Tammy applied the only first-aid she had––her wounded digit compressed between her lips. She sagged against the rear entrance to the garage, and the door popped open. The other half of the broken charge card previously wedged into the latch fell to the concrete floor and bounced behind metal shelving. The consequences of losing the card barged into Tammy’s consciousness. What if the home owners or the cops find it?

She smirked and stepped into the garage. “So what if they do? Maybe a stretch in prison will set Mom straight. At least she’d get three meals a day and have a roof over her head. After all, her name’s on the card, not mine. Good riddance.”

Tammy thought of gritty Sarah, waiting for her arrival. She glanced around the space and knew she needed to get moving. Still trying to suck the sting from her thumb, she donned a pair of gloves and crept to the entry that led into the house.

Inside, Tammy passed through the mud room and ambled into the kitchen. LED numbers on the stove and microwave dimly illuminated the space. The primary motive behind her break-in stood out like a monument to salvation.
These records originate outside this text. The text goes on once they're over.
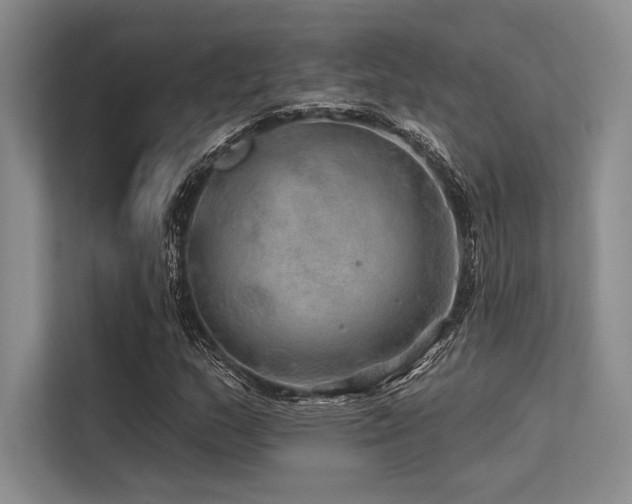 X0000113571159200909181241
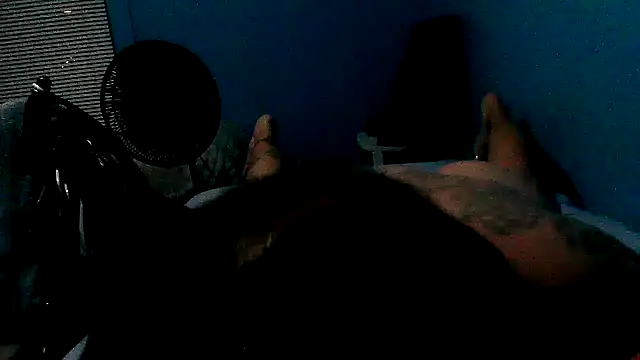 Show webcam de B2369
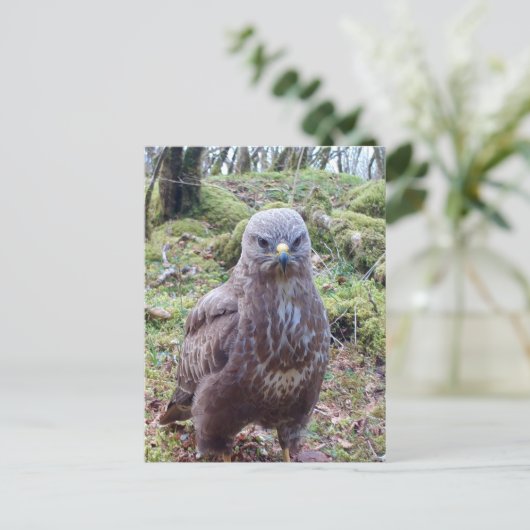 Gier met Houding Feestdagenkaart (Staand voorkant)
The stainless-steel, side-by-side refrigerator was well stocked, including leftover pizza…and beer. “Hallelujah!” Flashbacks to evenings when she and her mom cuddled on the couch with a deep-dish pie and a movie made Tammy smile. The blinking red light on the wall to her left slapped her back to the present. “Crap, I must have set off a friggin’ alarm.”
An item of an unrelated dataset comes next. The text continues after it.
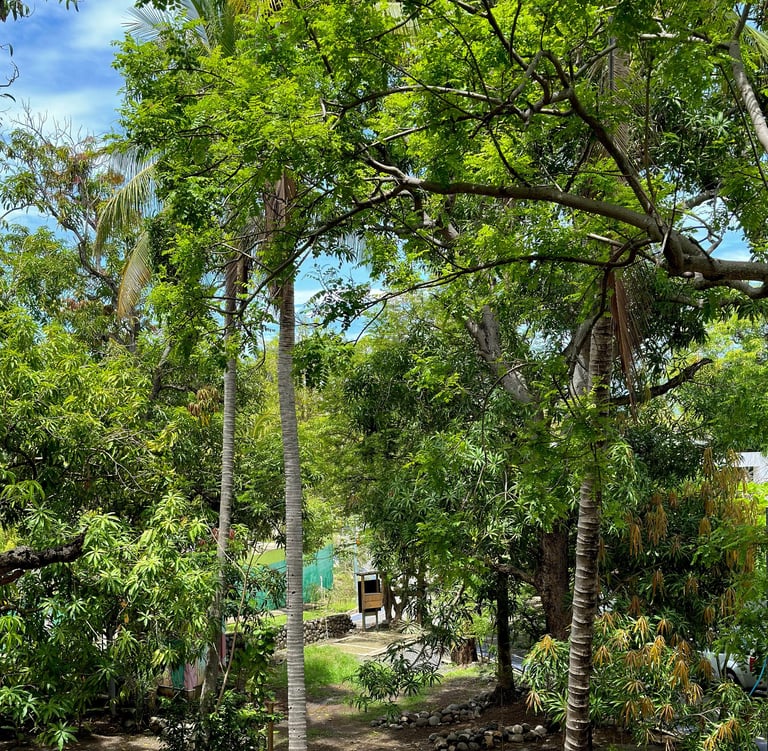 plaza mango verde event location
Panic coursed through her body. Tammy closed her eyes for a moment and reviewed the list. Eggs, milk, and bread. Eggs, milk, and bread.  She grabbed the items from the refrigerator shelves and placed them on the counter. Knowing Sarah would appreciate the beer, Tammy grabbed several cans and set them next to her stash. She was lifting a slice of pizza for herself when the telephone rang.

She jumped. “Jesus!”

The pepperoni and sausage triangle fell to the floor. The phone continued to ring.

Tammy picked up the errant pizza slice, placed it back in the box, and grabbed another. “Never did like the five-second rule.”

As she consumed the cheesy delight, Tammy scanned the kitchen. She had to get out of there, but not without the eggs, milk, and bread she came for––and Sarah’s beer.

She searched the upper cabinets and drawers for grocery bags but came up empty. “What’s the matter with these people? Everybody stashes plastic bags, somewhere.” She scratched her head. “Think, Tammy, where does Mom put ’em. Where would you put ’em?” She flung open a cabinet door beneath the sink. “All right!”

She grabbed two sacks and doubled-bagged the half-gallon of milk, a loaf of bread, and a dozen eggs, plus the three beers, then scurried toward the garage.

Tammy closed the outside entry and wiped the doorknob with her oversized hoodie. Red and blue lights strobed from down the street. “Damn, that was cuttin’ it close.”

With her pilfered bounty in hand, Tammy ran into the shadows, heading toward the abandoned house on State Street. The gang would be pleased with her achievement––especially Sarah. Tammy’s success as a thief meant her initiation would be complete. She’d belong to a family that cared about and protected one another again, something she’d been missing for way too long. She thought about the likelihood of her mother being arrested after her broken credit card halves were discovered at the house she’d just robbed. Tammy signed the cross on her chest. “Sorry, Mom, but it’s probably for your own good––and mine.”